Designing for Emergence
"If we are ever to advance beyond simple computational artefacts, we need a science of emergence"
Marco Giancotti,
Marco Giancotti,
Cover image:
Rose Shrub, Henryk Szczyglińskia
I was reading a fascinating website (23 years old!) of University of York Professor Susan Stepney, and this call to action caught my eye.
If we are ever to advance beyond simple computational artefacts, we need a science of emergence. ... Not only do we need to engineer the initially desired emergent properties, we need to engineer ability to change in desired, if unanticipated, ways.
— Susan Stepney, Non-Standard Computation: an overview (2001)
Stepney is—still, 23 years later—an expert of "non-standard computation", which I suspect to be a euphemism for "contrarian computer science". She works on how to compute stuff, but without using all the tried-and-true techniques, algorithms, and hardware that we've perfected over a century. The page linked above explains it better than I could ever do: non-Turing, non-von-Neumann machines, cellular automata, and cool things like that. It's worth a read despite the age.
In this passage, she argues that, while emergence is fundamental in everything, we have no theory for how to design and create emergence as we like.

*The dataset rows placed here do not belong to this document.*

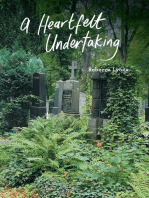 A Heartfelt Undertaking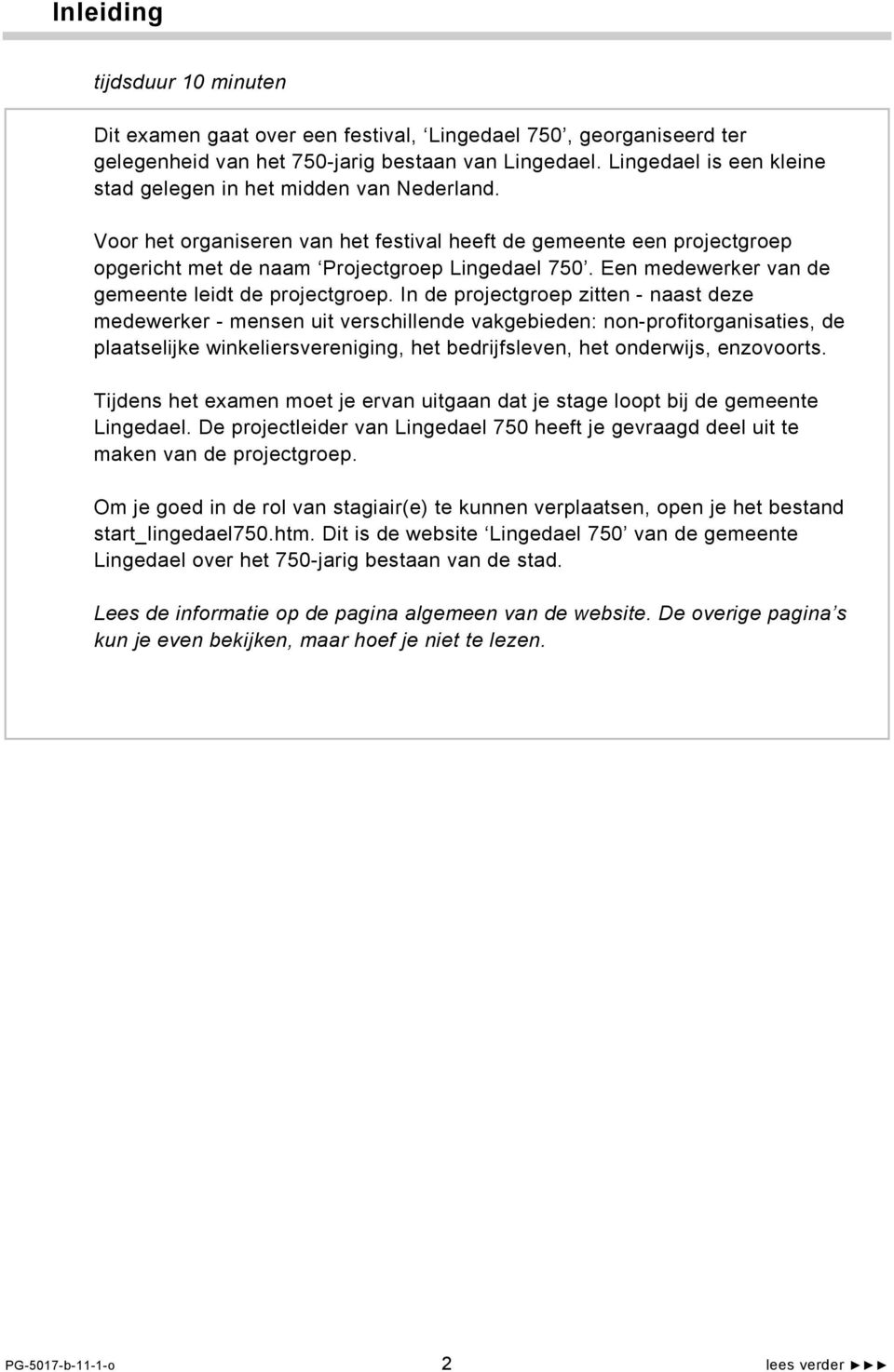 Een medewerker van de gemeente leidt de projectgroep.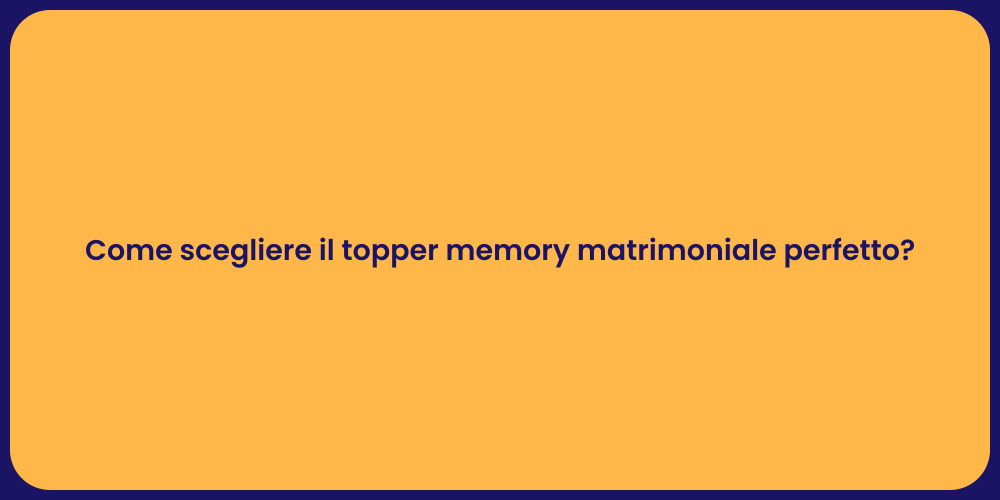 Come scegliere il topper memory matrimoniale perfetto?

Here, as is usually the case among scientists, she uses "emergence" to refer to what I call "context emergence"—the most interesting kind. In the broader sense of the word, we do know how to engineer for emergence, and very well. A pair of scissors is engineered (feature) emergence: the ability to make straight cuts in paper that would be nearly impossible with the same two blades handled separately. And the same holds for every single product of technology. In this sense, engineering is nothing but the design of emergence.

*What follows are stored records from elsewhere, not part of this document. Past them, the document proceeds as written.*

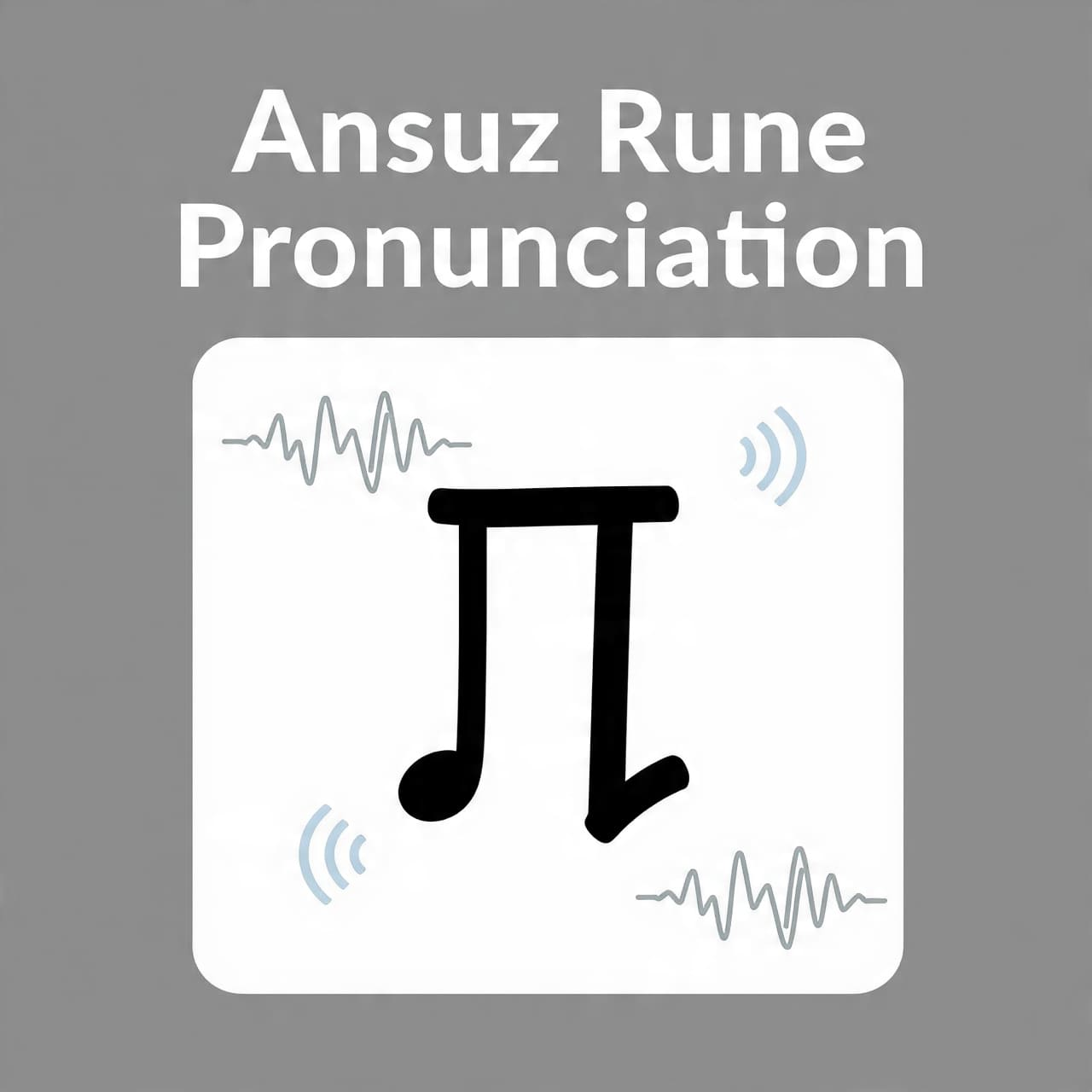 Ansuz Rune Pronunciation
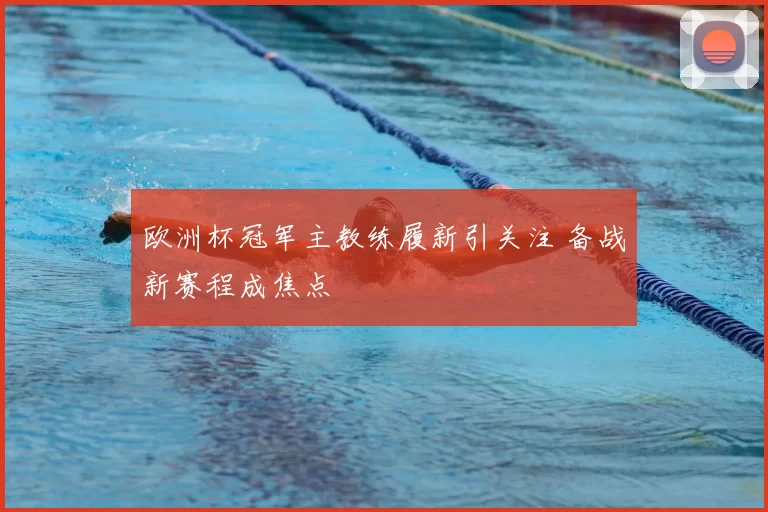 欧洲杯冠军主教练履新引关注 备战新赛程成焦点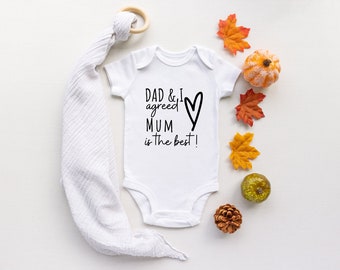 Daddy and I agreed that Mum is the best Bodysuit, Funny Baby Clothes, Mum Gift, Baby Shower Gift, New Mum Gift, baby Girl Clothes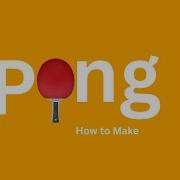How To Make Pong In Unity Complete Tutorial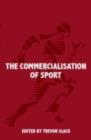 The Commercialisation of Sport - eBook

But Stepney, of course, is thinking about something much more sophisticated than that. She wants a theory that makes new physical laws emerge, as the laws of thermodynamics emerge from the assemblage of simple atoms, or as the self-organized mechanisms of embryonic development lead to a grown adult from a single cell, or the "laws" of social behavior, and so on. Stepney wants us to learn how to engineer complexity.
That's a whole different level of difficulty. She admits that there are high barriers against that dream, like the computational irreducibility of certain processes, and the huge role that contingency plays in complex systems. So how do we do that? Stepney's essay proposes a full research program to tackle that problem, which makes a lot of sense. I'm especially interested in one point that she makes:
Complex systems should be "grown" rather than "switched on".
It immediately reminds me of "Gall's Law":
A complex system that works is invariably found to have evolved from a simple system that worked. A complex system designed from scratch never works and cannot be patched up to make it work. You have to start over with a working simple system.
— John Gall, Systemantics (1977)
This is a very different kind of engineering from what we're used to. You can't make a "blueprint" for a complex system, nor a step-by-step instruction plan that can be replicated accurately to mass-produce it. You have to begin from a seed, and tend to it like a tree, letting it do its own thing while finding gentle, focused ways to influence its growth.
Perhaps the closest thing to an engineering of emergence that we've come up with are the latest advances in artificial intelligence. We don't know exactly why a specific language model does what it does, and we have no hope of "planning" its behavior beforehand. We are forced to "grow" (train) it, feeding it the nourishment (data) it needs, and discover what it does after the fact. We can try to steer it a little by selecting the inputs we give it, pushing it away from its biases and towards the kind of knowledge that we would want it to talk about, but it's at best a trial-and-error process.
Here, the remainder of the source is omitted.